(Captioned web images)
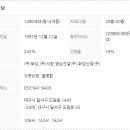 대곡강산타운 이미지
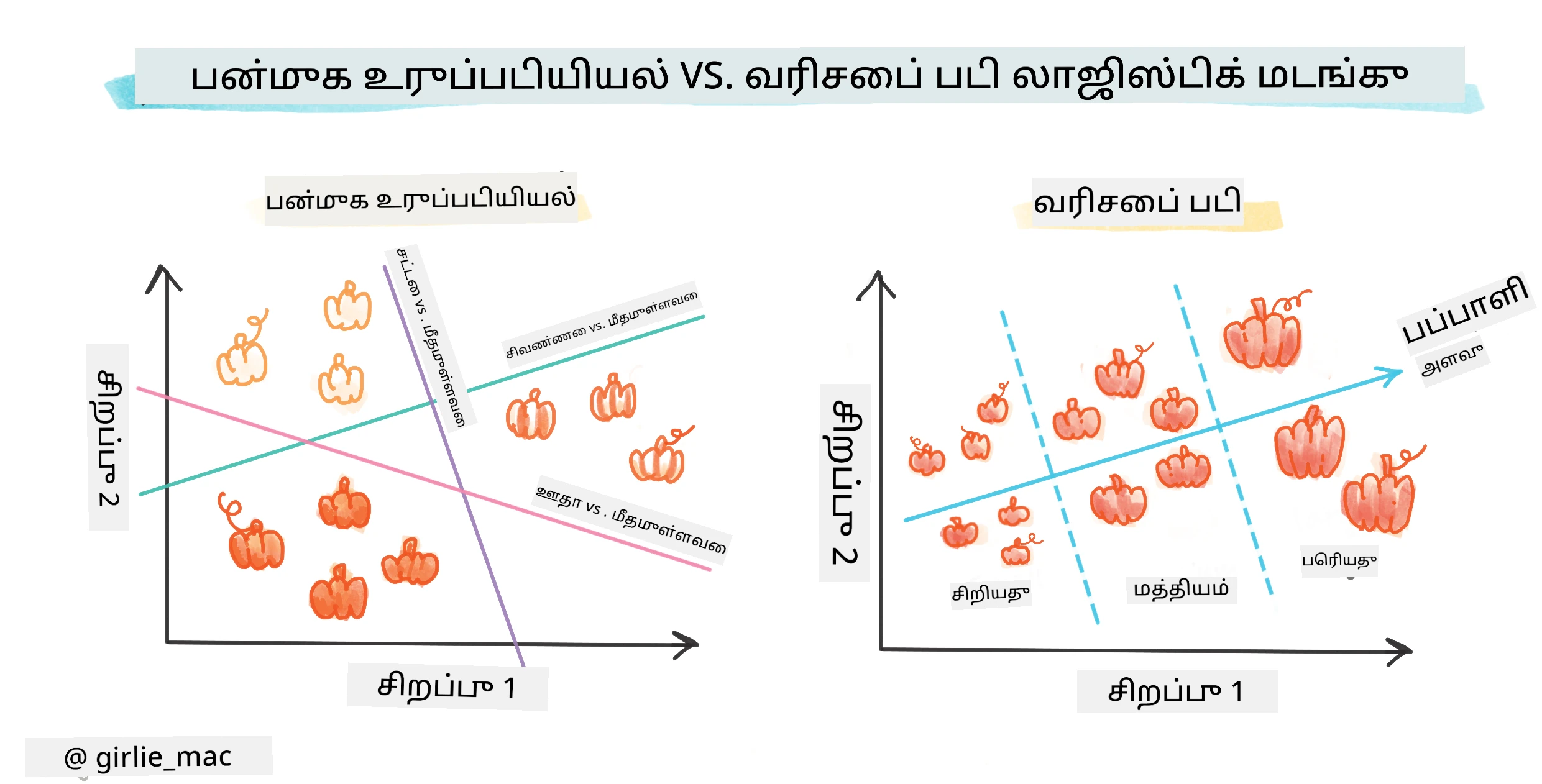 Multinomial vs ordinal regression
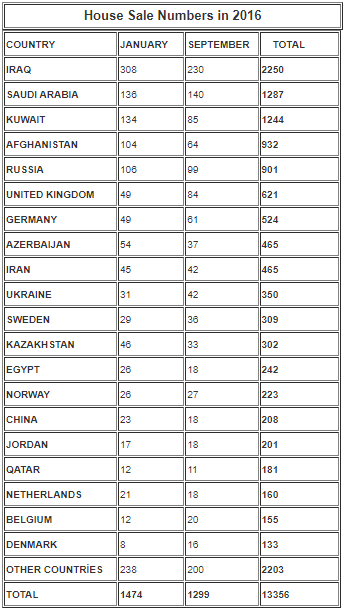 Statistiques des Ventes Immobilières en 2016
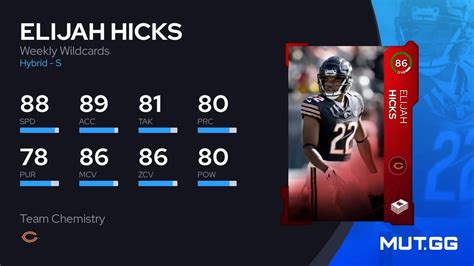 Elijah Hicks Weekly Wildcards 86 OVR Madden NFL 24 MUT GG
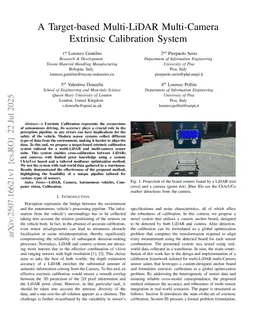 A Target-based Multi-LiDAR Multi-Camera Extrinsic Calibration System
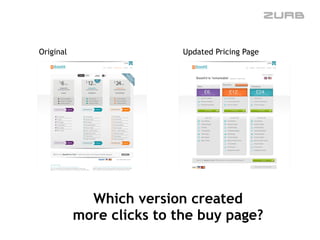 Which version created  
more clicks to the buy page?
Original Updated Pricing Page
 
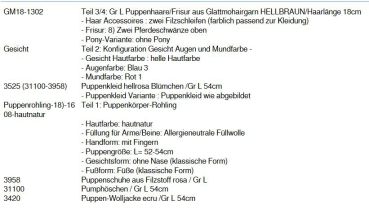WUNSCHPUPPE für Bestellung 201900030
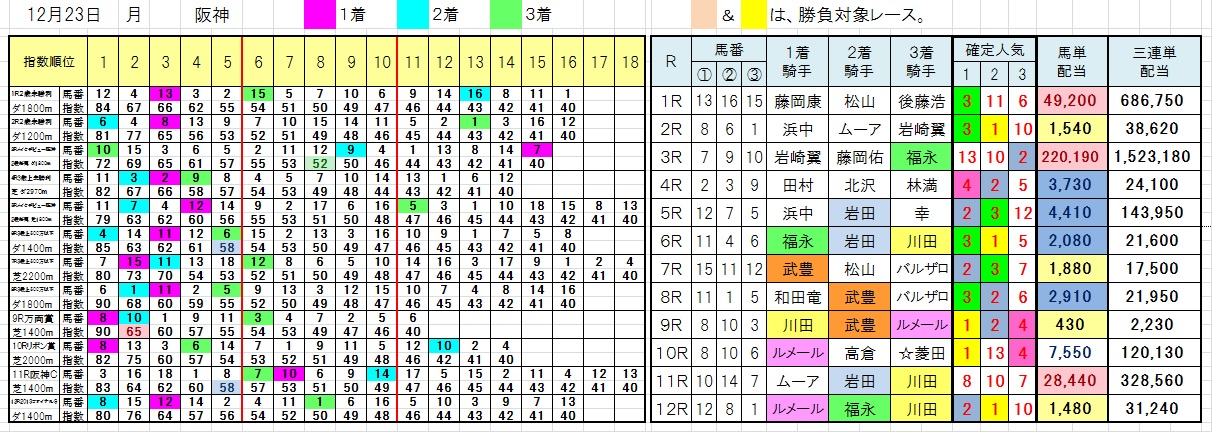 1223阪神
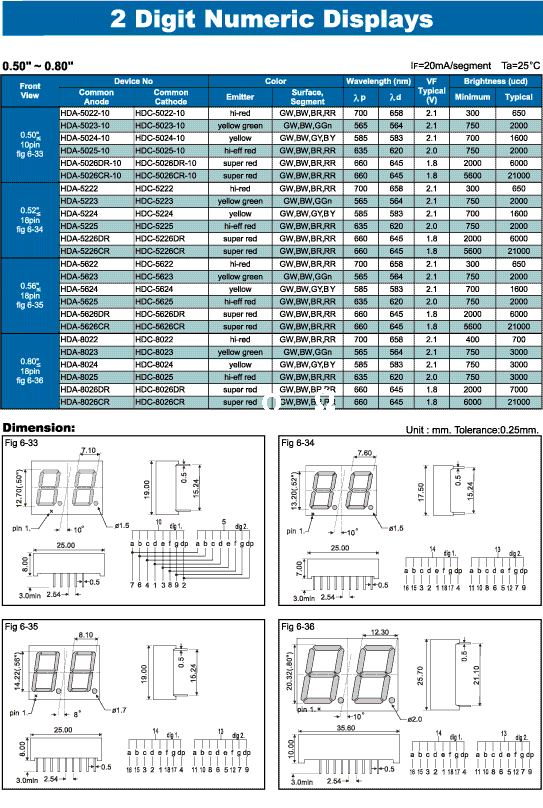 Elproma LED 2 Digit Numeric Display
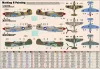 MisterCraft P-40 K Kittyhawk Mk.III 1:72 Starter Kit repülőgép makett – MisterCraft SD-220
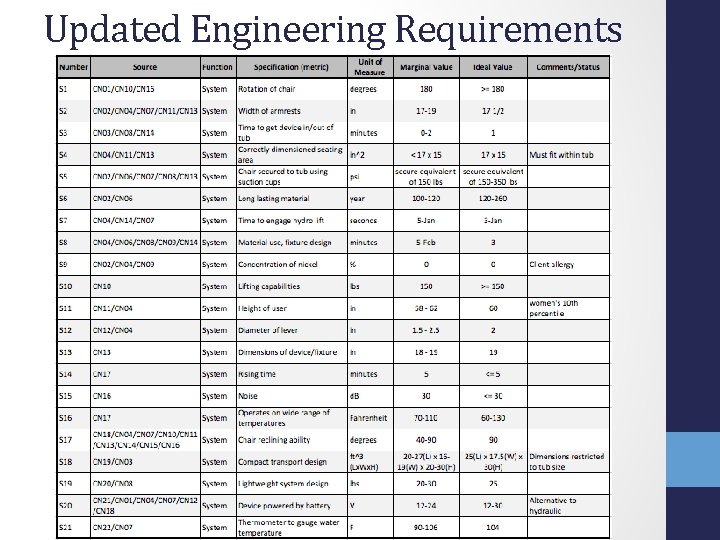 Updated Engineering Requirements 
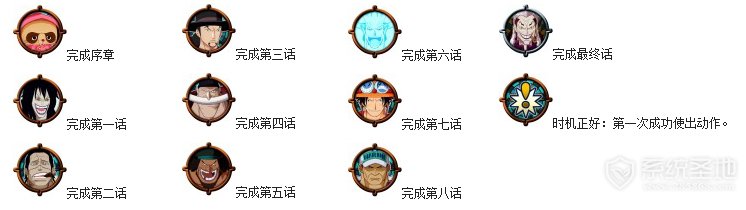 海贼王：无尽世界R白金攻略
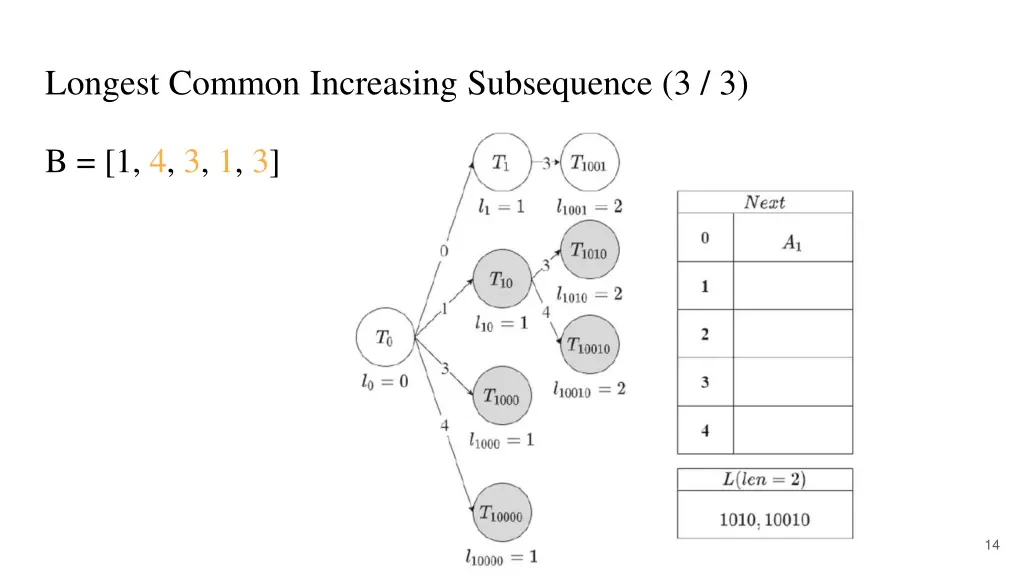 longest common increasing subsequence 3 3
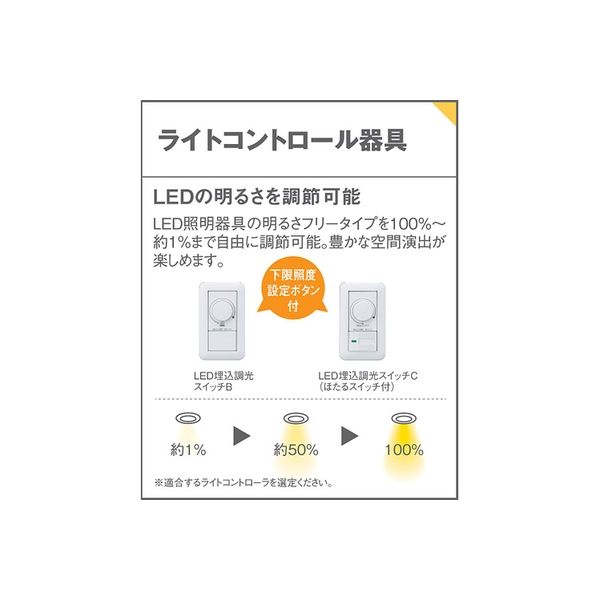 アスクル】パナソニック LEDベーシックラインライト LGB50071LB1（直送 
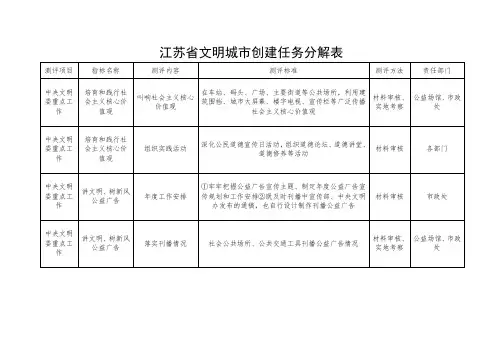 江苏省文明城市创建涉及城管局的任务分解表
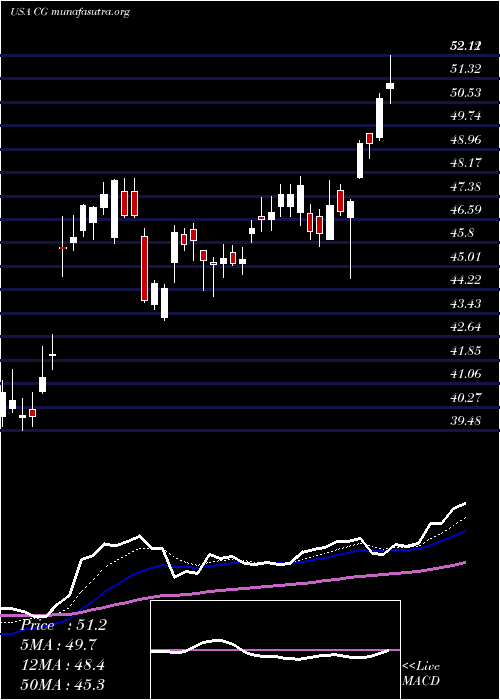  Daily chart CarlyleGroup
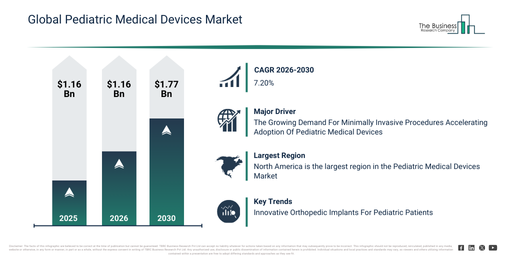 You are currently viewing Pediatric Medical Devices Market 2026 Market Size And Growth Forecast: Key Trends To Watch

- WHAT IS BEING ASKED
Could the entries be output exactly as written, but without their images?

- EXERCISE RESULT
 대곡강산타운 이미지
 Multinomial vs ordinal regression
 Statistiques des Ventes Immobilières en 2016
 Elijah Hicks Weekly Wildcards 86 OVR Madden NFL 24 MUT GG
 A Target-based Multi-LiDAR Multi-Camera Extrinsic Calibration System
 Which version created  
more clicks to the buy page?
Original Updated Pricing Page
 
WUNSCHPUPPE für Bestellung 201900030
 1223阪神
 Elproma LED 2 Digit Numeric Display
 MisterCraft P-40 K Kittyhawk Mk.III 1:72 Starter Kit repülőgép makett – MisterCraft SD-220
 Updated Engineering Requirements 
 海贼王：无尽世界R白金攻略
 longest common increasing subsequence 3 3
 アスクル】パナソニック LEDベーシックラインライト LGB50071LB1（直送 
 江苏省文明城市创建涉及城管局的任务分解表
  Daily chart CarlyleGroup
 You are currently viewing Pediatric Medical Devices Market 2026 Market Size And Growth Forecast: Key Trends To Watch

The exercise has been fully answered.